Pachyderm 1.2: Stability, Performance and Usability Improvements
Pachyderm 1.2 is out today and with it a host of new features. Our biggest goal with this release was to stabilize our existing code base so that it can keep up with the production use we’re seeing. This required an architectural shift for our filesystem, PFS. Our pipelining system, PPS, remains largely unchanged. We spent the rest of our development cycle extending our API to address some use cases that it wasn’t able to handle before and benchmarking our system to find and remove performance bottlenecks. Finally, with 1.2 we’re introducing our developer docs portal.
Ready to take Pachyderm 1.2 for a spin? Head on over to the Getting Started guide.
We gave PFS, the version controlled filesystem that underpins Pachyderm, a major overhaul in 1.2. In 1.1, PFS nodes held system state and could encounter issues when nodes died or containers got rescheduled.
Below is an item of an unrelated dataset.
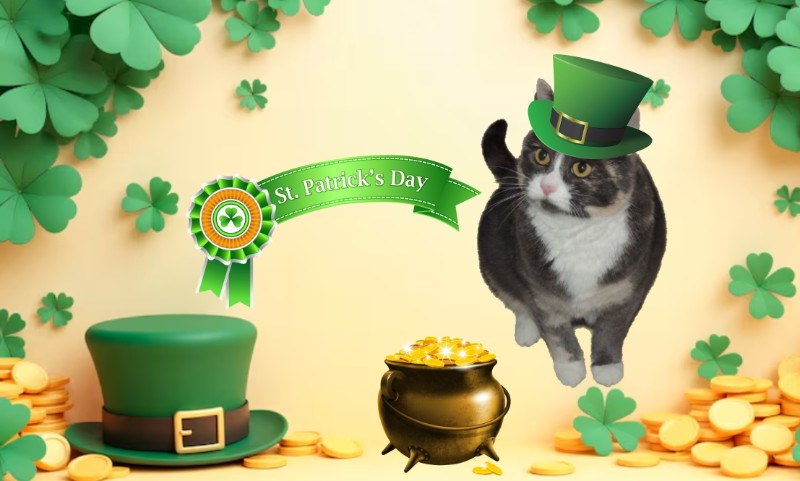 Blanche uploaded   50  day/s  ago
Stateful distributed system are tricky to get right, especially in containerized environments where a process can get rescheduled on different machines. As of 1.2, PFS is completely stateless — all the state that we previously stored locally in PFS nodes is now stored in a database (RethinkDB) which we deploy as part of our Kubernetes manifest.
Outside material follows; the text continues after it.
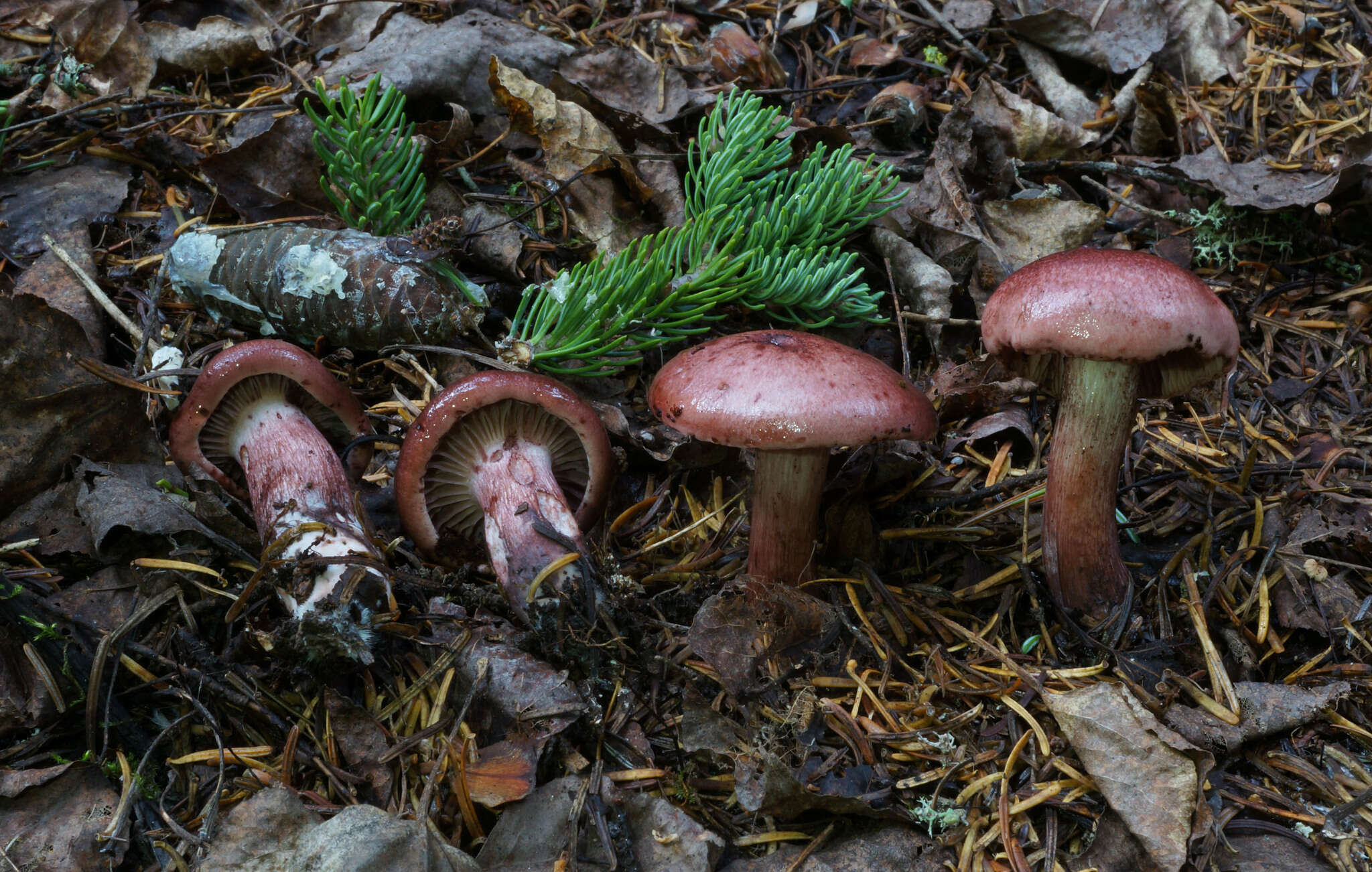 Hygrophorus erubescens (Fr.) Fr. 1838的圖片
PFS also got a few new features as part of this overhaul. Pachyderm now gives commits semantically meaningful names, master/0, master/1 etc. This makes the commit lineage much more intuitive. Users can now merge commits. This enables a number of usage patterns that weren’t possible before and also allows PPS (which runs on top of PFS) to smartly rollback failed jobs and retry them.
Finally, we added a benchmarking suite in this release and started systematically testing Pachyderm’s scalability. Pachyderm now caches some of its costlier requests, particularly those that would have to go to object storage or disk to get data. (Shout out to Brad Fitzpatrick for GroupCache, which made adding a caching layer incredibly painless.) Expect 1.3 to involve a lot more of this type of testing and many more improvements to Pachyderm’s scalability.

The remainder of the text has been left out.